> [The task] Print the records below exactly, with no pictures.

> [Input data]
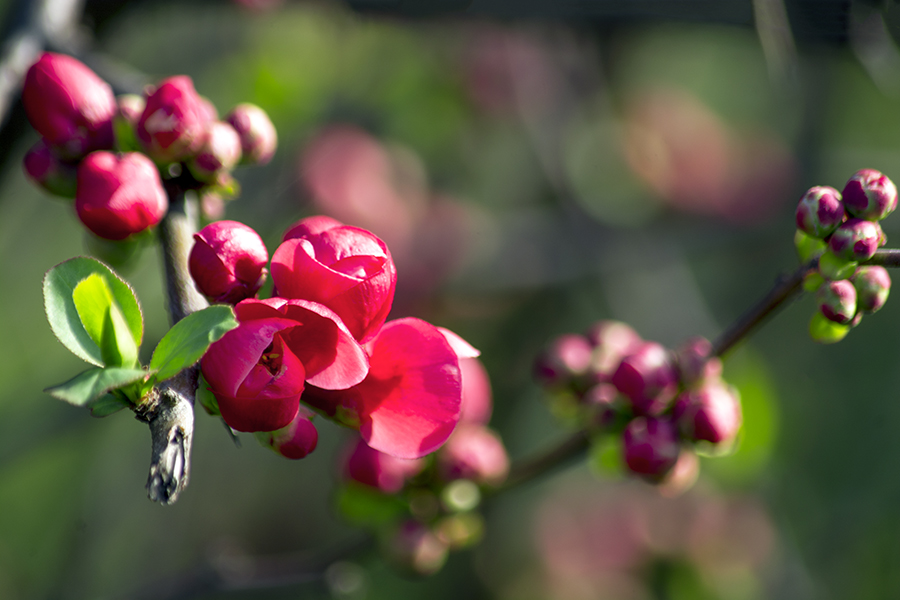 DSC_1108.jpg
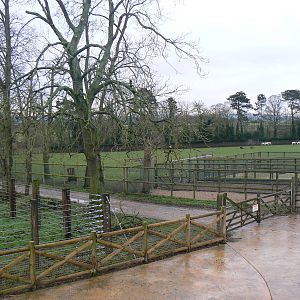 View of Antelope Paddock- 24 January 2016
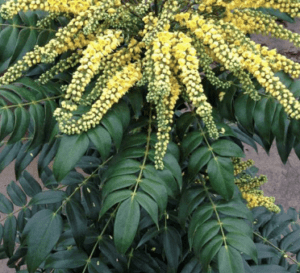 Soft Caress Mahonia, emerald green leaves with yellow flowers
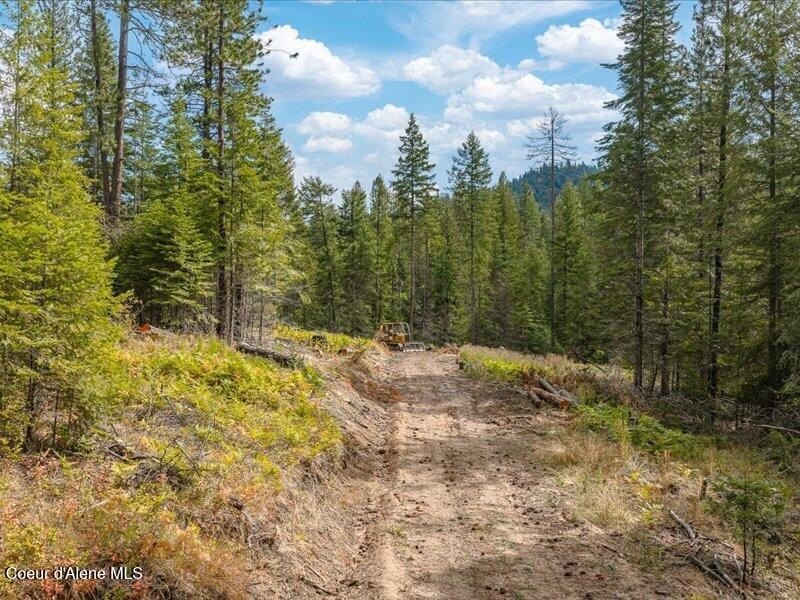 Picture 7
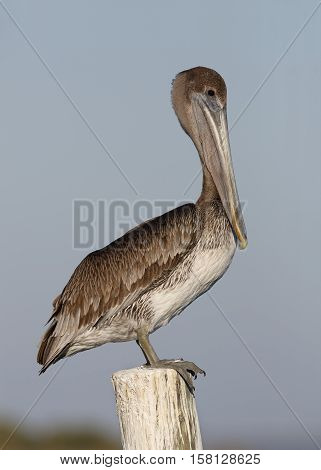 Immature Brown Pelican Perched On A Dock Piling - Florida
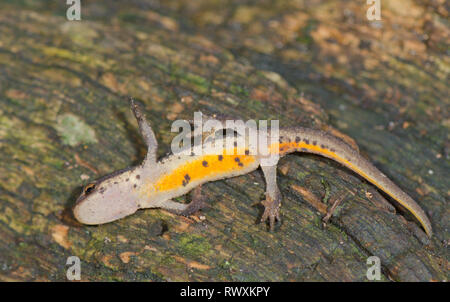 Juvenile Palmate Newt (Lissotriton helveticus), unbefleckt Kehle, Salamandridae. Sussex, UK Stockfoto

> [Your solution]
 DSC_1108.jpg
 View of Antelope Paddock- 24 January 2016
 Soft Caress Mahonia, emerald green leaves with yellow flowers
 Picture 7
 Immature Brown Pelican Perched On A Dock Piling - Florida
 Juvenile Palmate Newt (Lissotriton helveticus), unbefleckt Kehle, Salamandridae. Sussex, UK Stockfoto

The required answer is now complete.